SOCIEDAD › OPINION

Prohibiciones judiciales de abortos legales

 Por Roberto Gargarella y Monica Roa *

El derecho tiene como misión servir a la igual libertad y dignidad de las personas. Los jueces, dentro de ese contexto, cargan con una responsabilidad extraordinaria: la Justicia es la rama del poder que ha sido preparada para reaccionar cuando todos los demás motores y controles (políticos) han fallado. A la Justicia le corresponde aparecer y actuar como última valla de defensa de los derechos de los más desprotegidos. Los jueces están libres de presiones electorales: ellos no son nombrados ni pueden ser removidos por mayorías de ningún tipo. Ellos son la garantía de que se va a asegurar la libertad y dignidad de todas las personas, bajo cualquier contexto. Sin embargo, contra lo que debería esperarse, la Argentina viene siendo escenario de una situación curiosa: como en otras áreas del derecho (la relacionada con la protesta social por ejemplo), y en vez de liderar la lucha por la protección de derechos, los jueces se han puesto a la cabeza de un movimiento hostil a sus básicos deberes de justicia.

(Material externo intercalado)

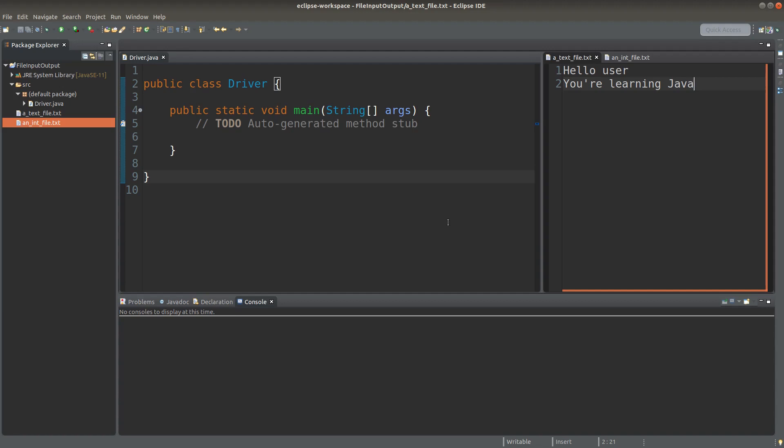Hello everybody, welcome to the Java course. Sometimes we might need to read some text from a text file, or we might need to write some text to a text file. This video is going to talk about the ways to do them in Java.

¿Cuáles han sido los argumentos utilizados por estos jueces en contra del aborto legalmente reconocido en la Argentina (según el art. 86 del Código Penal, cuando la vida de la madre está en riesgo o por violación de una mujer “demente” o “idiota”)? En ocasiones, los jueces han señalado que impidieron el aborto legal como una “consecuencia inevitable de sus creencias religiosas y formación católica”. En estos casos, donde el juez tiene una clara imposibilidad de administrar justicia sin que sus creencias personales contradigan lo ordenado por la ley, la recusación, remoción o investigación disciplinaria del juez parece la salida que corresponde: los jueces están para resguardar la Constitución y no sus creencias personales.

Algunos jueces han argumentado que el aborto es siempre inconstitucional, por vulnerar el derecho a la vida del no nacido, derecho que tiene una jerarquía especial sobre los demás derechos constitucionales y que debe respetarse de manera absoluta y sin excepciones. Defender esta posición requiere demostrar que otros derechos que podrían considerarse relevantes dentro del debate, como el derecho a la igualdad, a la dignidad y a la integridad de la mujer, no deben ser siquiera considerados, o si lo son, no presentan una fuerza suficiente como para desvirtuar la protección total y absoluta de la vida del no nacido, incluso por encima de la vida de la mujer en embarazo. Sin embargo, no existe ninguna sentencia de constitucionalidad en el mundo que haya admitido la penalización total del aborto, entre otras razones porque abogar por la prevalencia absoluta del derecho a la vida implicaría eliminar figuras como la legítima defensa o el estado de necesidad, que todos aceptamos sin problemas.

Finalmente, contra los jueces que han pretendido apoyar su decisión en el derecho internacional de los derechos humanos, debe señalarse que demuestran un desconocimiento total de la manera en que este derecho se ha interpretado vis-à-vis otros derechos en materia de aborto. Todos los organismos y autoridades de derechos humanos, sin excepción, han establecido en diferentes tipos de pronunciamientos que el derecho a un aborto en circunstancias extremas se basa en el reconocimiento de la titularidad de la mujer de derechos humanos clásicos como la vida, la salud, la igualdad y no discriminación, la libertad, la integridad personal y el estar libre de violencia, entre otros (i.e., ver la decisión del Comité de Derechos Humanos de Naciones Unidas en 2005, contra el Estado peruano, que no garantizó el aborto de un feto anencefálico; o la reciente decisión del Tribunal Europeo de Derechos Humanos contra el Estado polaco, en el 2006, por no haberle garantizado el aborto a una mujer que perdió la visión por causa del embarazo).

Los y las jueces tienen la obligación moral de hacer un examen de conciencia y determinar de buena fe cuál es la manera en que en adelante van a administrar justicia para este grupo de mujeres a las que la sociedad no ha sabido proteger.

* Doctor en derecho y directora de Programas de Women’s Link Worldwide, respectivamente.